Unos ateos muy meapilas

La envidia, que es el deporte nacional por excelencia, explica a veces sentimientos tan aparentemente complejos como el de una pandilla de ateos intentando emular aquello cuya existencia niegan.

En estos días de recogimiento y fervor, que se decía en la oprobiosa, van a multiplicarse las expresiones piadosas en algunos lugares de España, comenzando por la capital, que en el último momento se ha librado de una charlotada procesional organizada por los supuestos defensores del laicismo, infinitamente más meapilas que el católico más carpetovetónico que encontrarse pueda.

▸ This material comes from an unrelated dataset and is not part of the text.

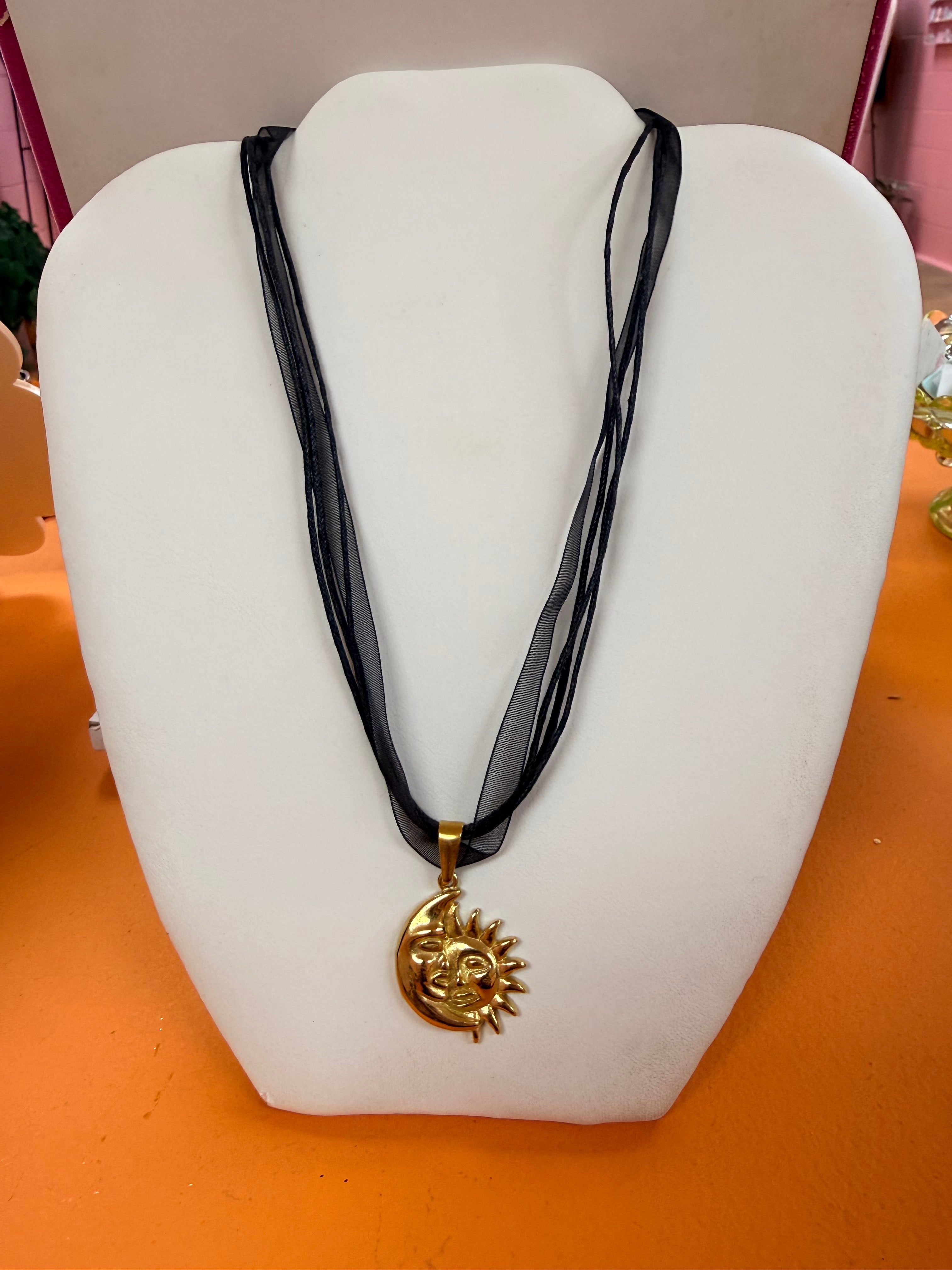 Black Ribbon Titanium Charm Necklaces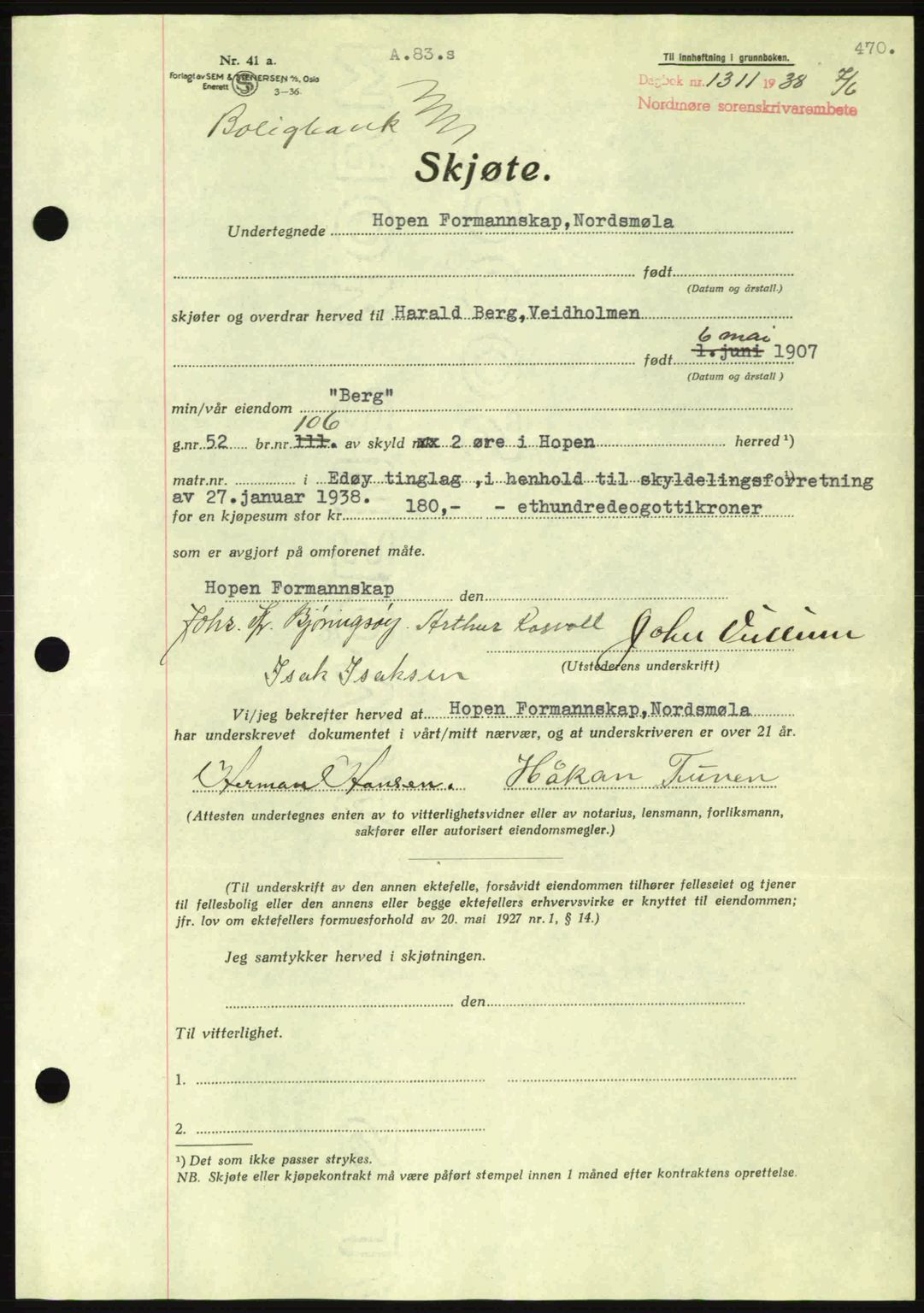 Nordmøre sorenskriveri, AV/SAT-A-4132/1/2/2Ca: Pantebok nr. A83, 1938-1938, Dagboknr: 1311/1938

Al lado de estos ateos a la violeta, los lefebvristas son rotarios ecuménicos, porque la pretensión de organizar unos desfiles plenos de cretinismo, en paralelo a las procesiones católicas, sólo se entiende desde la admiración más profunda hacia aquello que se pretende denigrar de forma tan infantil. Son ateos, sí, pero ateos católicos a machamartillo y con la fe del carbonero respecto al dogma sagrado, que ellos veneran con esa estolidez tan enternecedora.

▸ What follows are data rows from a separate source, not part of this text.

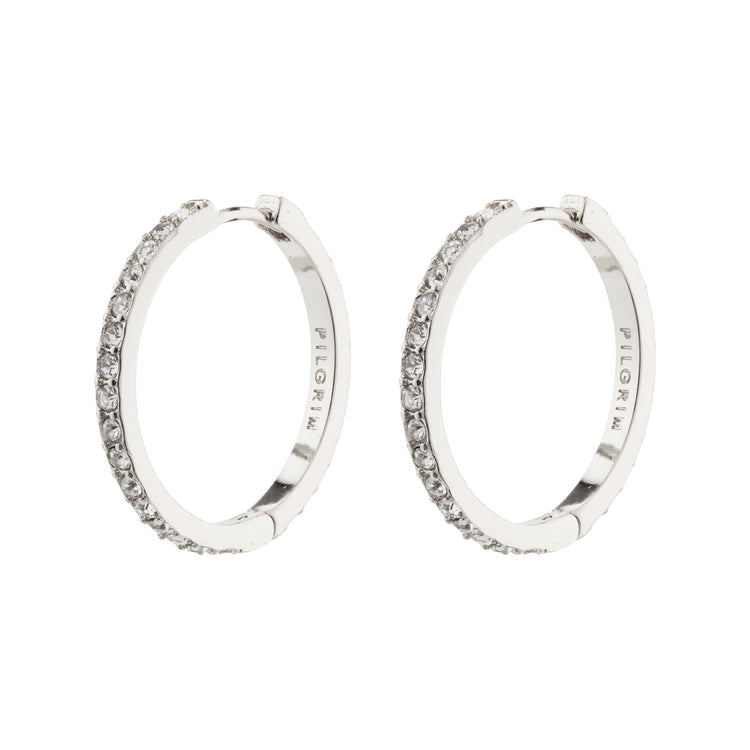 Pilgrim EBNA large crystal hoops silver-plated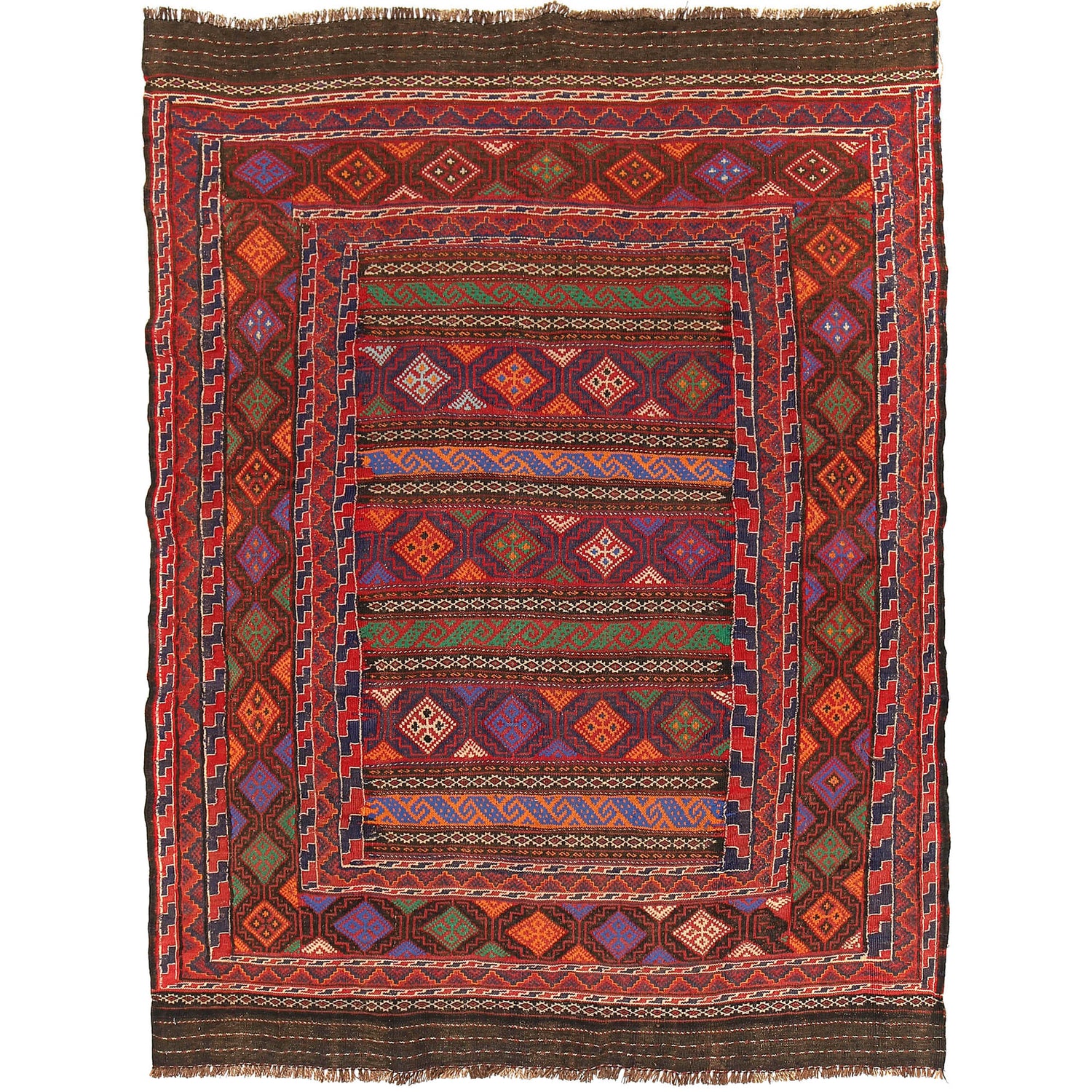 Laghari Kilim Area Rug Handmade Multi Geometric 4x7 ft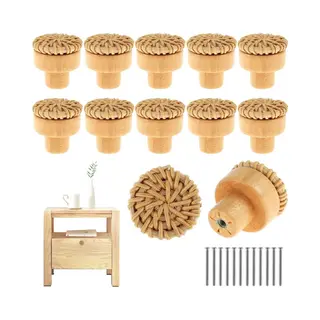 Winkrs Kastknoppen Hout & Rotan - 12x - Meubelknop Voor Lades & Deurtjes - 30MM Knop - Meubelbeslag/Handgreep Rond - Boho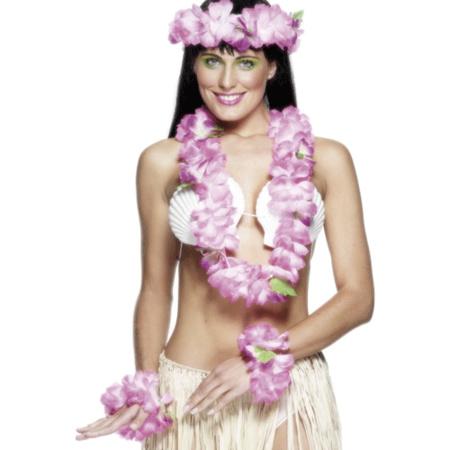 Toppers in concert - Roze Hawaii kransen verkleed set deluxe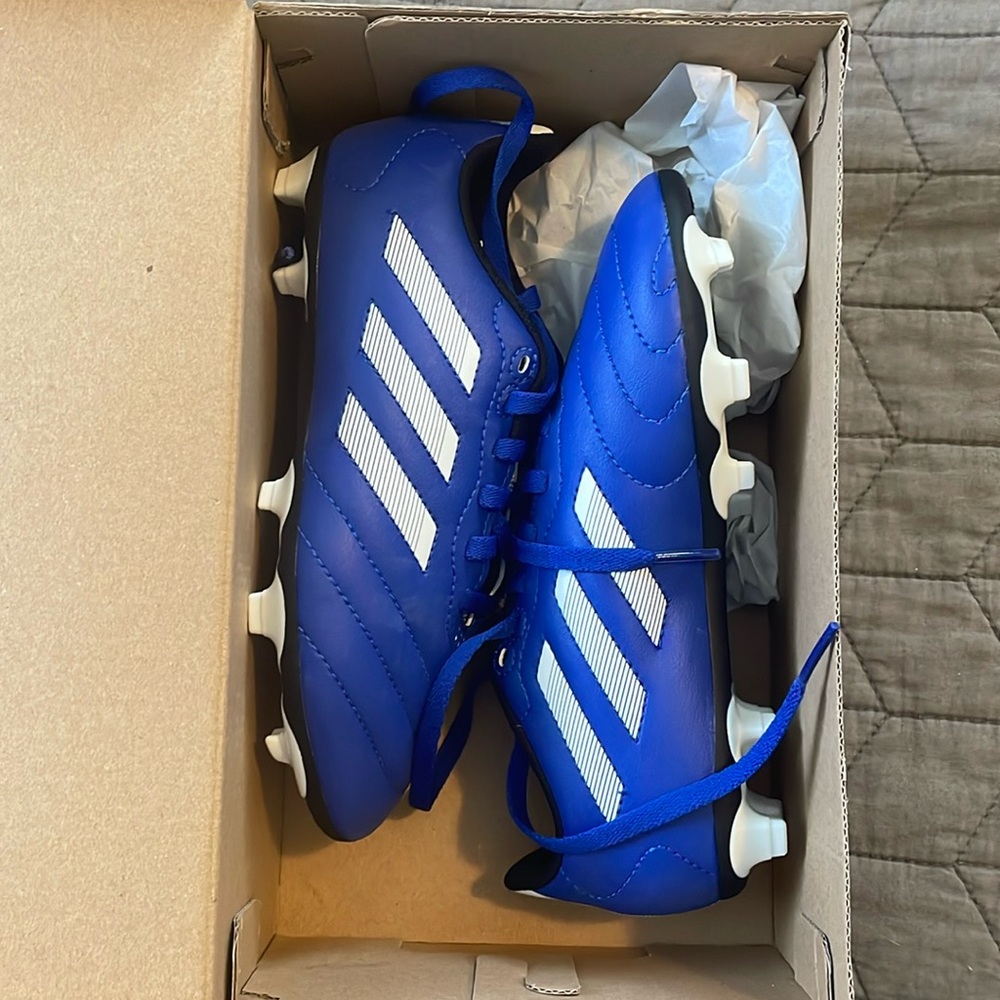 Blue soccer cleats size youth 2. Never worn, in original box, Adidas brand.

Los izquierdistas imitadores de ZP –que ya hay que tener baja la autoestima–, se han quedado en Madrid sin manifestación paralela al desfile pasional del Jueves Santo, pero a cambio tienen miles de procesiones a su disposición a lo largo y ancho de España para vestirse de nazareno y cargarse al lomo un trono de los más pesados, que es en el fondo lo que les gusta.

A estos ateos católicos es que les das un cirio encendido y un capuchón y se lo pasan bomba la noche entera recorriendo descalzos las calles del pueblo. Si hacen como que se enfadan ante estas expresiones de religiosidad popular es porque sus vicios públicos o sus torpezas privadas les impidieron ser aceptados en la cofradía decana de su pueblo o ciudad. La envidia, que es el deporte nacional por excelencia, explica a veces sentimientos tan aparentemente complejos como el de una pandilla de ateos intentando emular aquello cuya existencia niegan.

Por eso son incapaces de ignorar la Semana Santa y se desgañitan organizando una cosa paralela, para que todos estos fracasados puedan ser penitentes, estantes y mayordomos sin la competencia de los que realmente saben de esto y atesoran los méritos piadosos que ellos jamás van a alcanzar.

Yo los dejaba desfilar, pero descalzos y paseando a una Diosa Razón de mil trescientos doce kilos, que es lo que pesa La Última Cena de Francisco Salzillo, cuyo desfile por las calles murcianas en la mañana de Viernes Santo jamás se perdió el inolvidable Jaime Campmany. Estoy seguro de que el Maestro de la columna estaría aquí de acuerdo conmigo.